Pasquale Pinto, a Taranto dalla desolazione alla esperienza operaia
SCAFFALE «La terra di ferro e altre poesie (1971 – 1992)», a cura di Stefano Modeo per Marcos y Marcos
SCAFFALE «La terra di ferro e altre poesie (1971 – 1992)», a cura di Stefano Modeo per Marcos y Marcos
Pasquale Pinto prima fu poeta, poi operaio. All’Italsider entra nel 1964, lo stesso anno in cui ha inizio la produzione. Ma a vent’anni aveva cominciato a mettere in versi la sua vita in una città, Taranto, e in un luogo il Sud, in profonda trasformazione. Con La terra di ferro – e altre poesie (1971 – 1992) le edizioni Marcos y Marcos (pp. 144, euro 20) accresce la collana dedicata alla poesia operaia, inaugurata con un’antologia dedicata a Luigi Di Ruscio.
LA TERRA DI FERRO si rivela una terra di mezzo tra un paradiso perduto e un territorio desolato (dopo essere stato sfruttato). Questo è il punctum della poesia di Pinto, che coglie e ci rimanda il profondo cambiamento indotto dall’industrializzazione forzata del Mezzogiorno. «Contadini/ anche se oggi i pullman/ vi conducono lontano dalle campagne/ all’ala radunate tutte le foglie degli alberi». Sono i metalmezzadri di cui aveva scritto Walter Tobagi sul Corriere della Sera. La fabbrica ha finito per modificare anche la città, fino a piegarla. E dunque, la mutazione è anche di civiltà, antropologica. «Ho visto in un market/ crisantemi con rugiade artificiali e garofani di plastica/ turbarsi per l’odore di una mano».
Pinto s’inserisce in una linea poetica che si afferma alla fine degli anni ’70, cosiddetta «selvaggia», portata avanti da autori irregolari, nati nella fabbrica come Di Ruscio, o l’altro pugliese Tommaso di Ciaula. Le catene di montaggio e le linee di produzione diventano in forma-tardo realistica i luoghi naturali dello sfruttamento. Drammaticamente profetiche sono le sue ultime poesie dedicate alle morti sul lavoro.
L’ESPERIENZA OPERAIA da cui scaturisce la poetica di Pinto non è, tuttavia, una gabbia. Come scrive uno dei direttori della collana, Fabio Pusterla, la fabbrica «si apre a una più vasta dimensione metaforica, nel bilico costante tra spietata rappresentazione della devastazione (di esistenze, di paesaggi, di comunità) e audacia dello sguardo che spinge verso un orizzonte ancora utopico».
Per Simone Giorgino, che firma la prefazione, la poesia di Pinto «innesta nel tronco di una tradizione lirica meridionale una ‘gemma’ di poesia civile, rivolta a rappresentare, nel blues del suo rapsodico dettato, la perturbante eterotopia d’una fabbrica d’acciaio».
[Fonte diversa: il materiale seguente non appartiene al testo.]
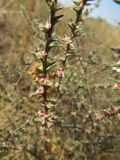 Salsola tragus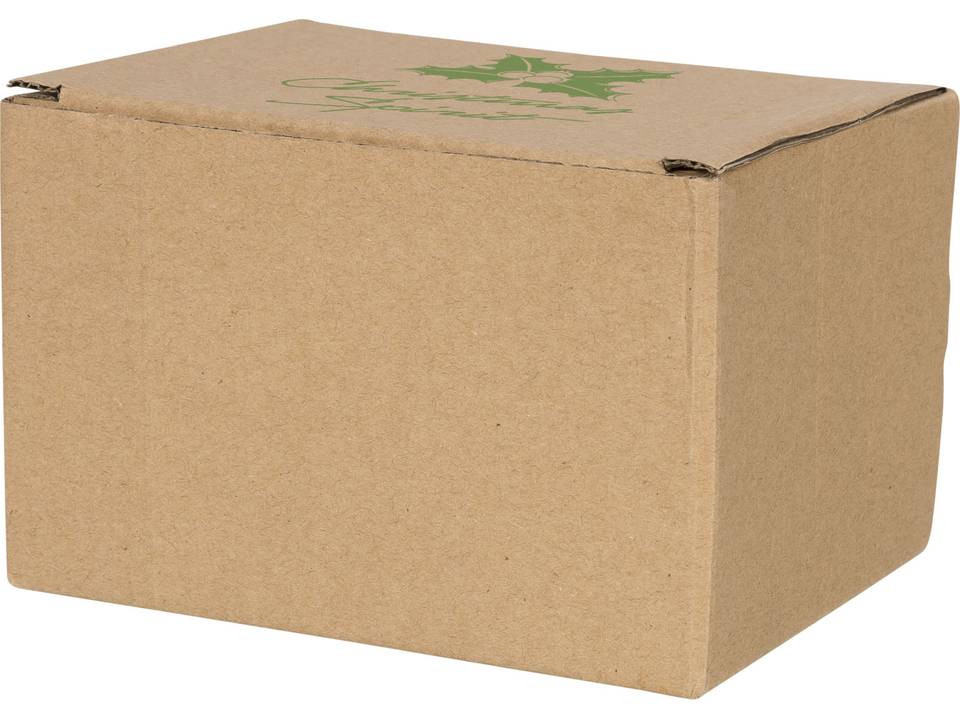 Schilder een ornament 2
COSTRUIRONO UN MOSTRO, e lo hanno chiamato progresso. «Un paesaggio classico è stato letteralmente messo a ferro e fuoco. Gli ulivi, il sole e le cicale rappresentavano sonno, rassegnazione, miseria. Ora qui gli uomini hanno costruito una cattedrale immensa, di metallo e di vetro, per scatenarvi dentro il mosto infuocato chiamato acciaio, e che significa vita», così le parole di Dino Buzzati nel 1962 per il docu-film Il pianeta acciaio di Emilio Marsili, suonano oggi atroci e beffarde.
Questa poesia testimonia anche la deformazione di una città che doveva diventare un moderno centro industrializzato, ed è, invece, rimasta dolorante, malinconicamente appesa alla sua antichità dorata. Il merito di questo libro non è solo quello di farci (ri)scoprire un’altra potente voce della linea poetica meridionale, su cui hanno scritto, tra gli altri, Giacinto Spagnoletti e Giorgio Caproni; ma anche quello di rinnovare l’affetto per Taranto, il simbolo della miopia, se non del fallimento, dello sviluppo industriale di una nazione.
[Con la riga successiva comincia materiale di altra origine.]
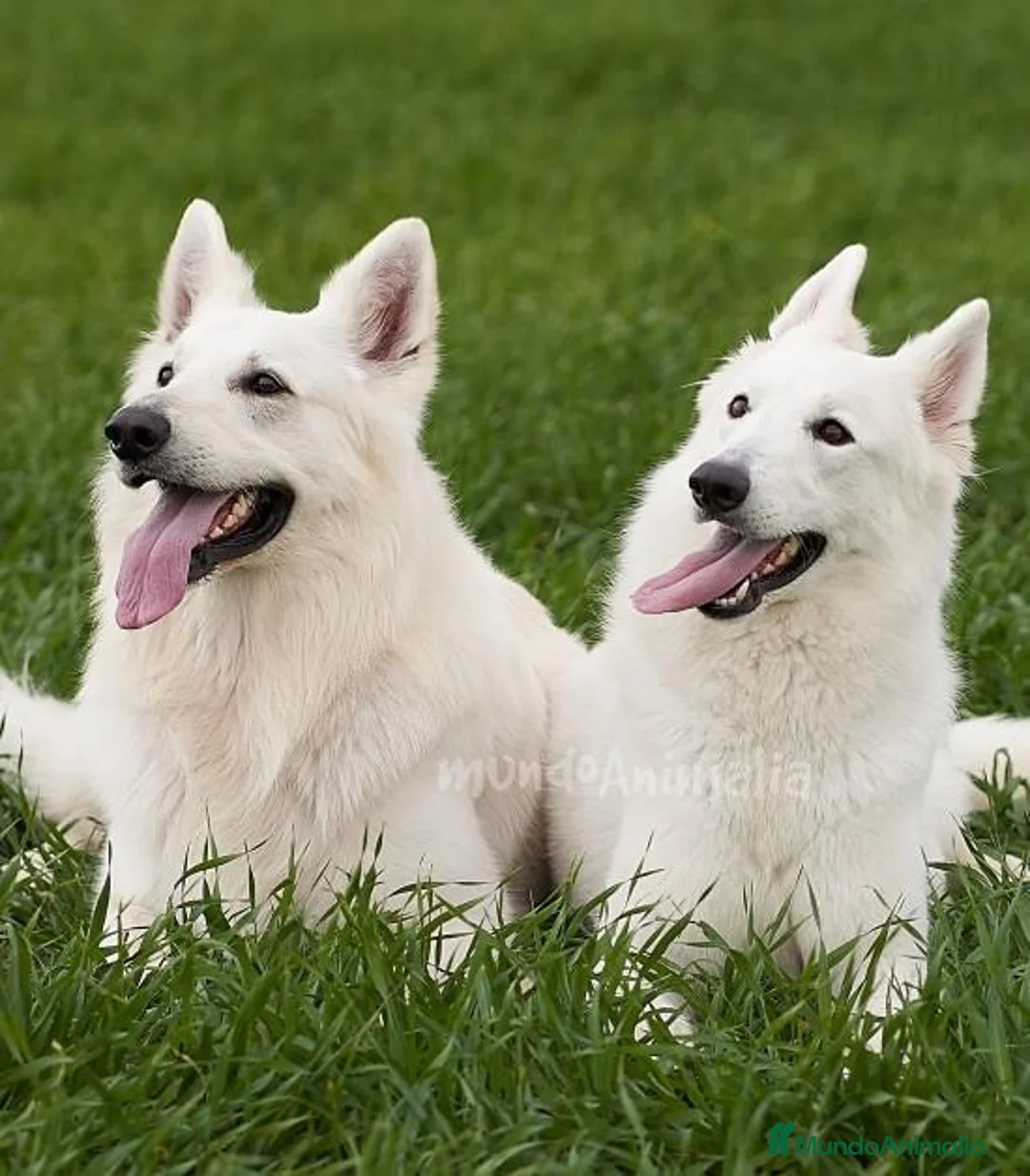 Imagen de galería {{count}}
STEFANO MODEO che ha curato l’opera, anch’egli poeta e tarantino, ci fa condividere un vero e proprio atto d’amore. Lungo, appassionato e difficile è stato il suo lavoro di recupero di testi ormai introvabili. Il risultato finale è di grande e duraturo merito.
«Chi parlerà di voi uomini rossi/ senza età senza bestemmie?/ Chi parlerà dei vostri Natali/ accanto alla ghisa lontano dai canneti/ ove vivono gli ultimi gabbiani?». Alla fine, qualcuno ha ricordato. Qualcuno ha parlato.